La spiritualité apparaît aujourd’hui comme un « gros mot » pour plusieurs. Peut-être moins gros que celui de « religion » par exemple, mais il n’est pas aisé de l’aborder et encore moins de penser pouvoir l’associer à une éventuelle intervention éducative, dans une école laïque. Et que penser d’associer spiritualité, école laïque et intervention pour accompagner le deuil ? Vous avez dit « danger » ?

L’éclairage de Jacques Cherblanc, docteur en science politique et docteur en sciences des religions, professeur agrégé à l’Unité d’études religieuses, éthique et philosophie de l’Université du Québec à Chicoutimi. Jacques Cherblanc a notamment codirigé l’ouvrage Quand le deuil se complique.

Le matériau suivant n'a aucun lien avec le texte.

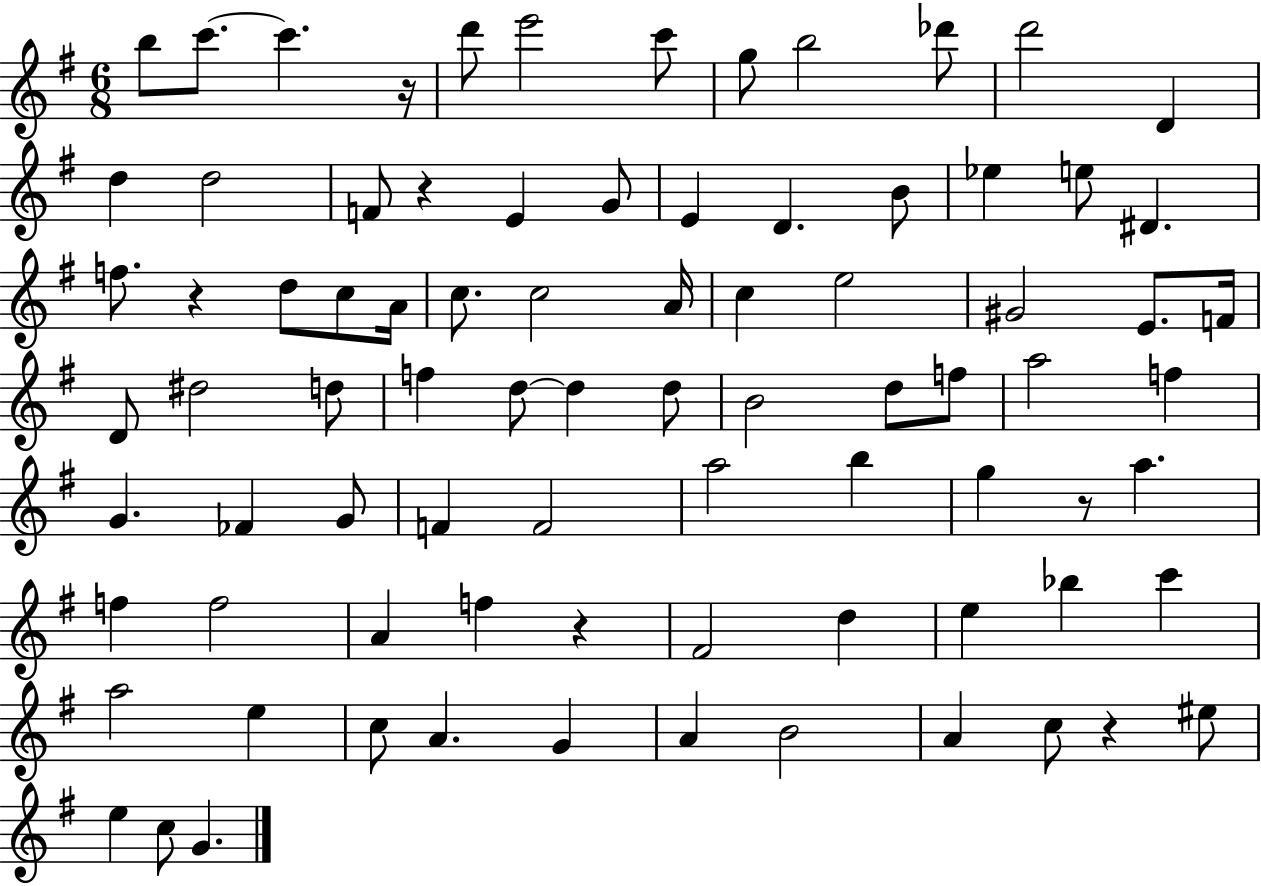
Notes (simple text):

B5/e C6/e. C6/q. R/s D6/e E6/h C6/e G5/e B5/h Db6/e D6/h D4/q D5/q D5/h F4/e R/q E4/q G4/e E4/q D4/q. B4/e Eb5/q E5/e D#4/q. F5/e. R/q D5/e C5/e A4/s C5/e. C5/h A4/s C5/q E5/h G#4/h E4/e. F4/s D4/e D#5/h D5/e F5/q D5/e D5/q D5/e B4/h D5/e F5/e A5/h F5/q G4/q. FES4/q G4/e F4/q F4/h A5/h B5/q G5/q R/e A5/q. F5/q F5/h A4/q F5/q R/q F#4/h D5/q E5/q Bb5/q C6/q A5/h E5/q C5/e A4/q. G4/q A4/q B4/h A4/q C5/e R/q EIS5/e E5/q C5/e G4/q.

Variété des manifestations et modes de gestion des complications du deuil (Presses de l’Université du Québec, 2020).

 

Donner un sens à la perte d’un proche, premier facteur de protection contre un deuil complexe ou prolongé

Plutôt que de « danger », il serait plus juste de parler de « tabou » concernant le rôle de la spiritualité pour faire face au deuil. En effet, la spiritualité est indissociable du sens et le sens est l’élément déterminant pour éviter des complications du deuil. Donner un sens à la perte d’un proche (ou de tout autre objet d’attachement) est en effet, selon le consensus scientifique actuel, le premier facteur de protection contre un deuil complexe ou prolongé.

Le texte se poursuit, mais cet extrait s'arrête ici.